Она перехватила взгляд Окрана и догадалась, о чем он думает, но сразу же отвернулась и долго смотрела на собор.
— В прошлый раз меня поразили твои слова, — говорил между тем Окран. — Я не мог понять, как ты дошел до таких мыслей. Но теперь, кажется, понял. Меня всегда пугала полная откровенность с самим собой — я старался не глядеть на себя со стороны. — Он взял чашку и допил воду, которой Баако запивал таблетки. — Хотя шел той же дорогой, что и ты. Но все дело в том, что, когда знаешь, чего хочешь, нельзя судить себя судом чужих мнений.
— Но от этого суда никуда не спрячешься.
— Надо просто выкинуть чужие мнения из головы. Иначе ты не сможешь ничего сделать. Не сможешь даже найти своего призвания в жизни.
— Я думаю, что без них — без всех остальных — тоже ничего нельзя сделать.
— В общем, ты прав, — сказал Окран. — Но если ты с самого начала пойдешь у них на поводу, то неминуемо кончишь самобичеванием. Неужели тебе и правда нравится банковский служака, про которого ты говорил в прошлый раз, и этот, как его… ну, бюрократ из конторы по организации труда?
— Бремпонг.
— И ты хочешь на них походить?
— А иначе здесь не проживешь. Если б я знал об этом раньше, меня бы сюда не засадили. Я бы не был преступником.
— Нет, Онипа, ничего у тебя не выйдет. Когда ты рассказывал про них, мне сразу вспомнилась Акосуа Рассел. Тебе не удастся под них подделаться.
— Если бы я решил…
— Послушай, Онипа, — резко сказал Окран. — Они ничего не решали. Они такие. И если захотят измениться, то просто перестанут существовать.
— Ну, не знаю.
— Нет, знаешь. А не знаешь, так подумай. У тебя же хорошая голова, так работай ею. И перестань ты считать себя преступником. Тем более что никому до этого и дела нет. Если бы у всех этих людей была хоть капля твоего таланта, им бы не понадобилось становиться делягами.
— И тем не менее они приносят пользу.
— Смотря что называть пользой. У каждого из нас есть родственники, которые мечтают, чтобы мы, как твой Бремпонг, волокли бы из-за границы вещи для удовлетворения их чванства да пристраивали на тепленькие должности. Но имеешь ли ты право тратить на это время и силы? Страна и так кишит людишками, презирающими всех, кроме себя.
— Я думал об этом, — сказал Баако. — Это совершенно естественно.
— Так подумай еще. Погляди попристальней на тех, кому для самоутверждения нужны земные блага. Должности, связи, машины, парики, коттеджи, деньги. Если они всего этого лишатся, от них просто-напросто ничего не останется. А у тебя есть призвание, дело. Ну и забудь о других, иди своей дорогой.
— Вы думаете, это легко — лишить надежды…

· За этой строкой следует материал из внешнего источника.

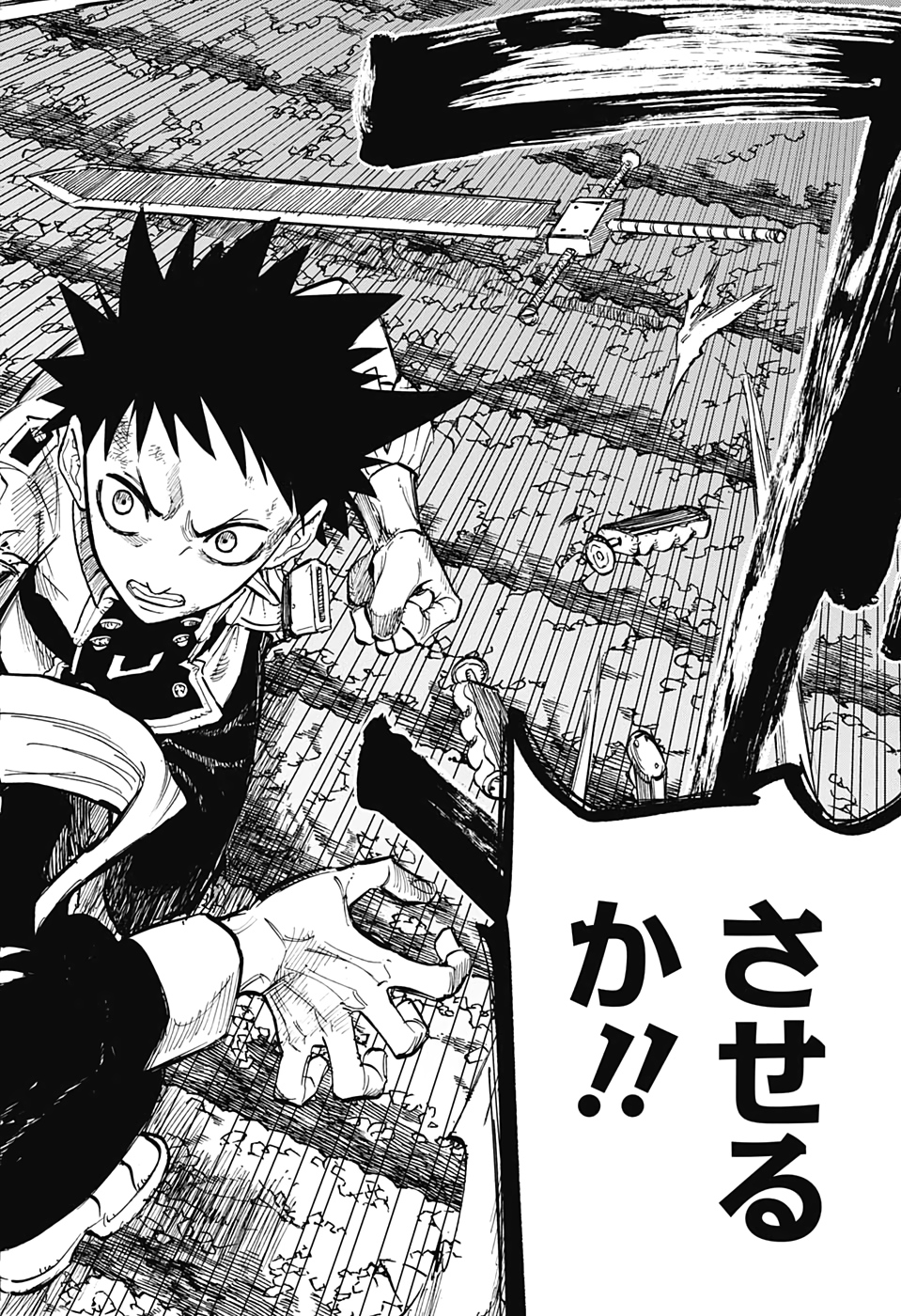 Majo no Moribito - Chapter 17 - Page 10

— Родственников, ты опять о них? Конечно, отчасти ты прав: глупо осуждать их за стремление к благам земным. Но еще глупее казнить себя за то, что не можешь полностью удовлетворить их желаний. Да этим желаниям и конца не будет — стоит только решить, что ты обязан ломать свою жизнь в угоду их алчности. Между прочим, твои-то надежды, твои желания их совершенно не интересуют — об этом ты думал? И еще. Люди вроде Бремпонга тебе и таким, как ты, не страшны. Они любят земные блага и умеют их добывать. Алчных неудачников — вот кого ты должен остерегаться. Им тоже нужны земные блага, но, как до них дотянуться, они не знают. И пытаются найти добытчика. Ты хочешь им стать? Хочешь положить свою жизнь на добывание благ для своих родственников?
— Что ж, это бремя побывавшего, — проговорил Баако. — Да и все люди помогают друг другу, иначе не проживешь.
Окран беспомощно посмотрел на Хуану. Ей очень не хотелось, чтобы разговор оборвался, и она поспешила вмешаться:
— Если ты захочешь помогать родственникам и одновременно делать что-нибудь полезное для всего общества, то неминуемо придешь к разладу с самим собой. Интересы семейства и общества почти никогда не совпадают. И не так-то легко решить, что важнее.
— А решить нужно, — со вздохом сказал Окран. — Вы уж извините меня за резкость, но человек, если он хочет остаться человеком, должен сделать однозначный выбор. Пойми, Баако, у тебя и твоих родственников несовместимые стремления. Ты переполнен творческими идеями, а их гложет внутренняя пустота. Так ведь тебе-то не надо возмещать духовную пустоту богатством. Ты же не делец, Баако!